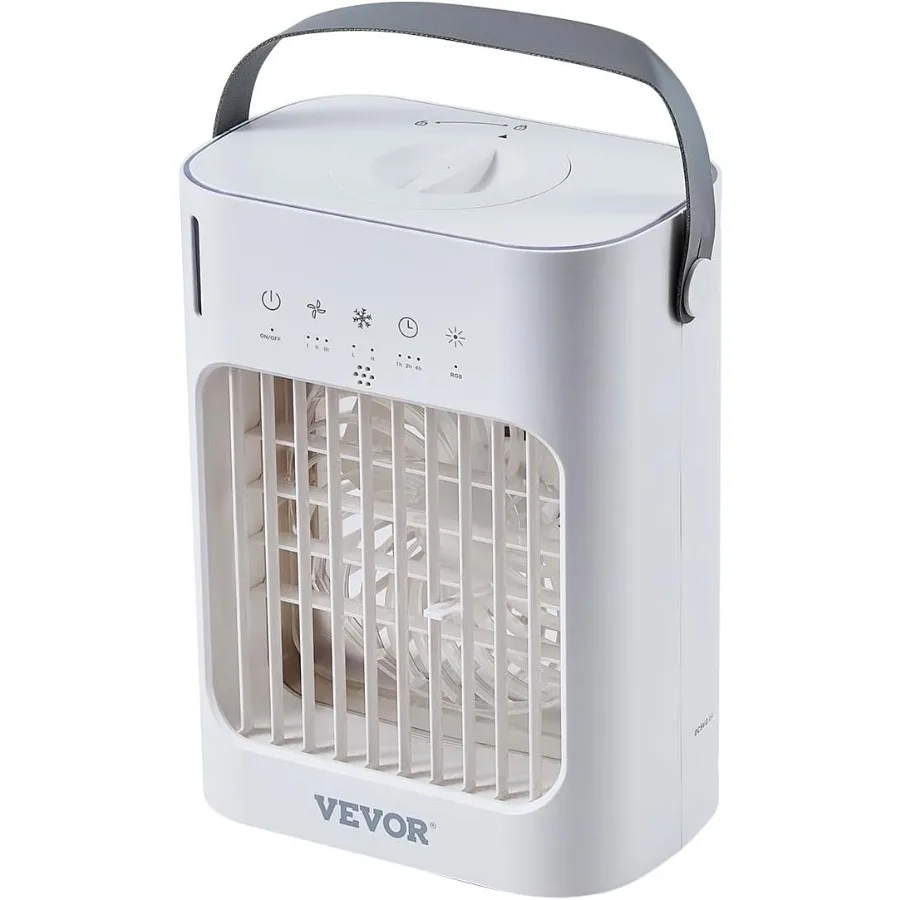 Portable Air Conditioner 4in1 Evaporative Air Cooler 3Speed Mini Air Conditioner with 07H Smart Timer 700ml Water Tank 7Color L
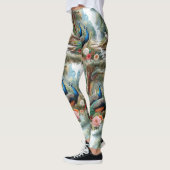 Leggings Oiseaux de paon en forêt (Gauche)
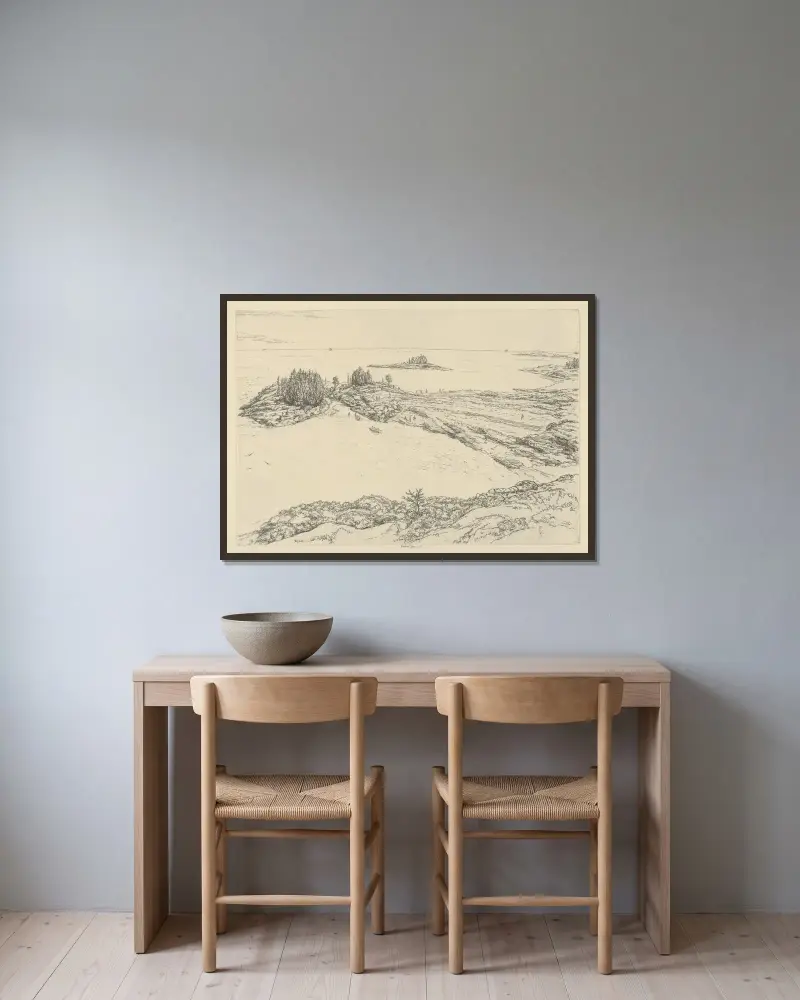 Picknicken av Ernest Haskell inramad på en vägg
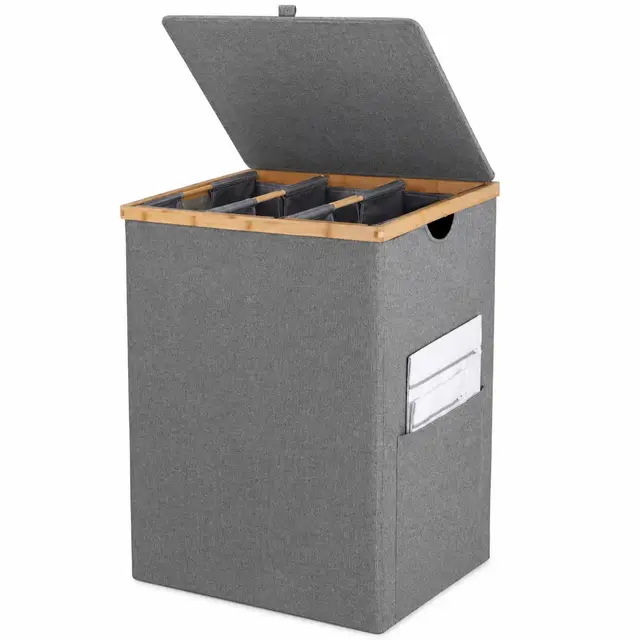 evolune living wäschekorb 3 fächer 150l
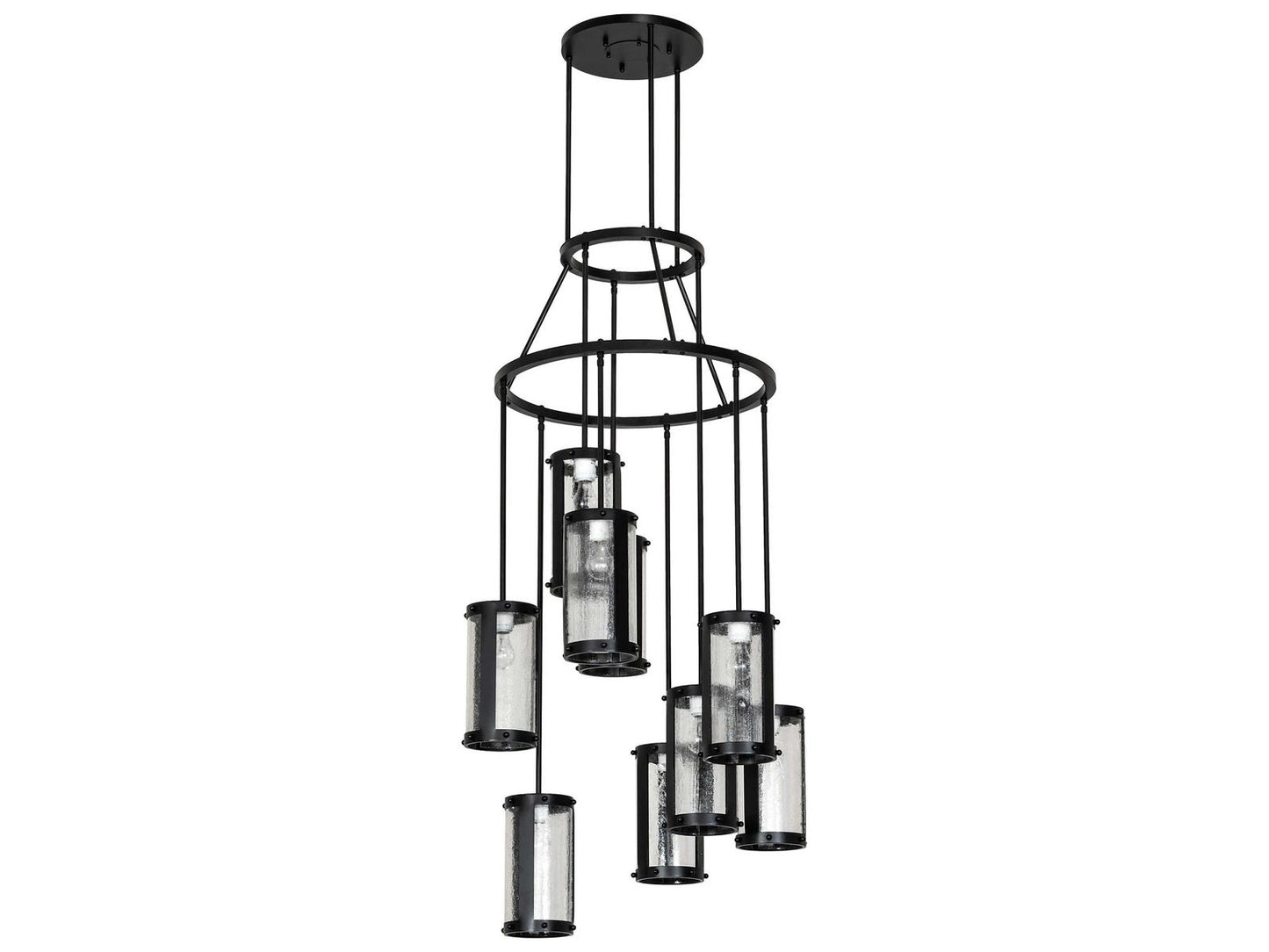 Meyda Cartier 9-Light Solar Black Cylinder Chandelier with Clear Seeded Glass
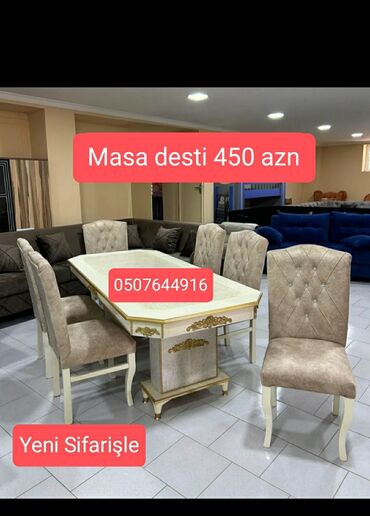 Masa və oturacaq dəstləri: Qonaq otağı üçün, Yeni, Açılan, Dördbucaq masa, 6 stul — 8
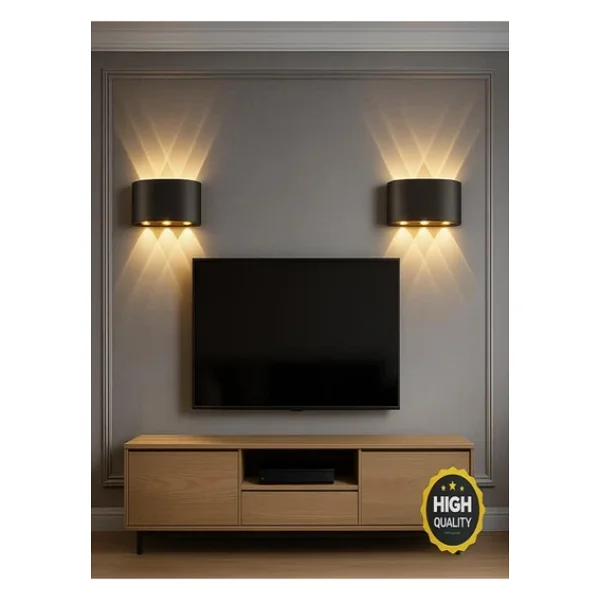Bs Light Schuar 8011 Haiti Aplik 3+3 Dekoratif Çift Yönlü Aplik 10w 3200k Sarı (Elektrikli)(Pil ile Çalışmaz) - Görsel 6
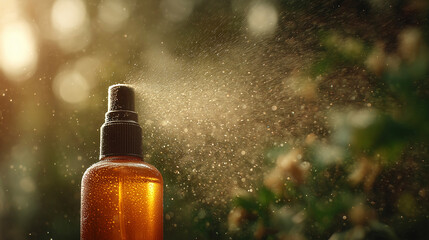 夕暮れの光に包まれたスプレーボトルと広がるミストの温かみあるシーン（美容・コスメ・自然）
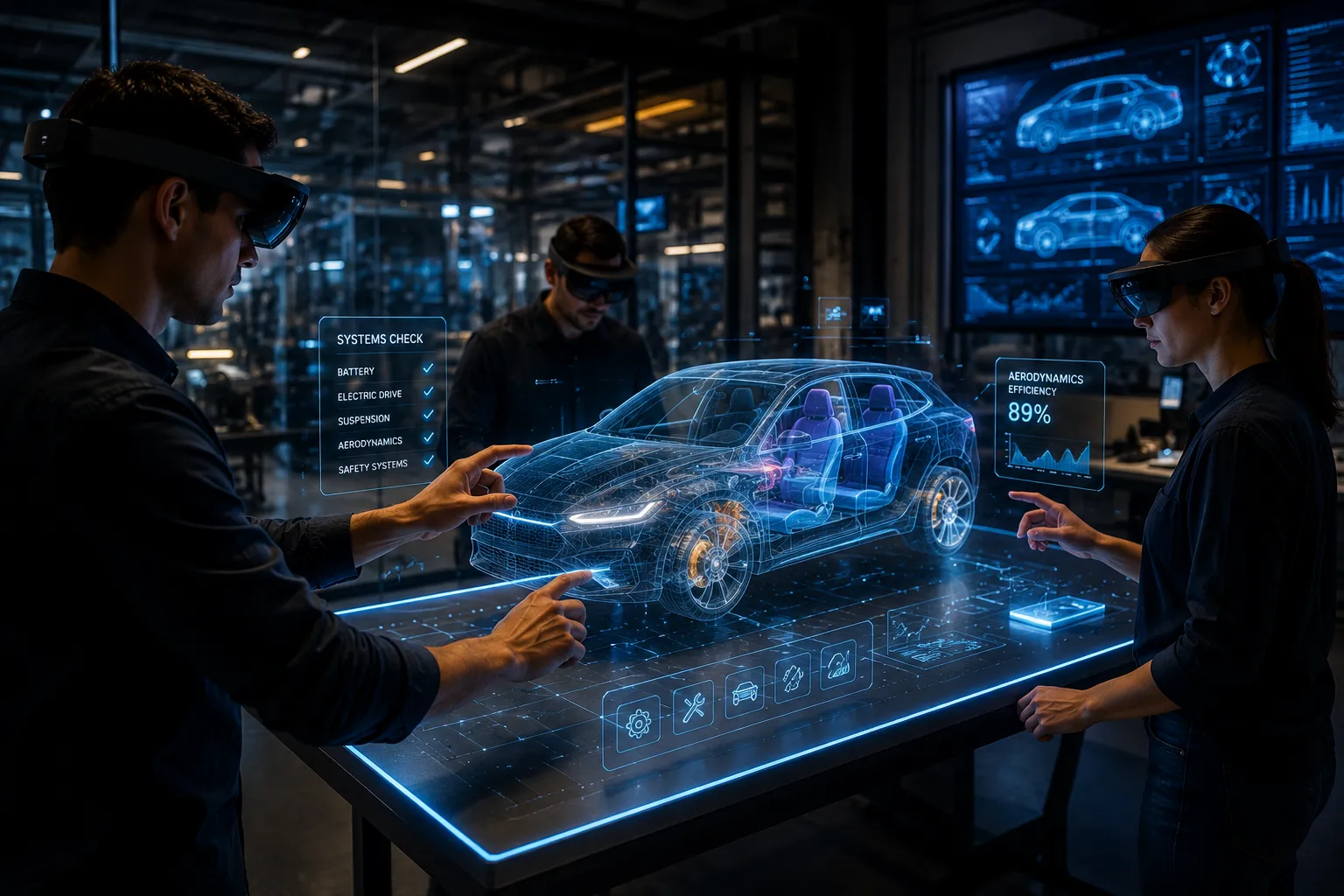 Engineers using mixed-reality headsets to inspect a holographic vehicle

-----

■ **Work request**
Please give a word-for-word transcript of the lines from the one holding "夕暮れの光に包まれたスプレー" through the final line of the entries, both ends kept, with no pictures.

■ **Response below**
 夕暮れの光に包まれたスプレーボトルと広がるミストの温かみあるシーン（美容・コスメ・自然）
 Engineers using mixed-reality headsets to inspect a holographic vehicle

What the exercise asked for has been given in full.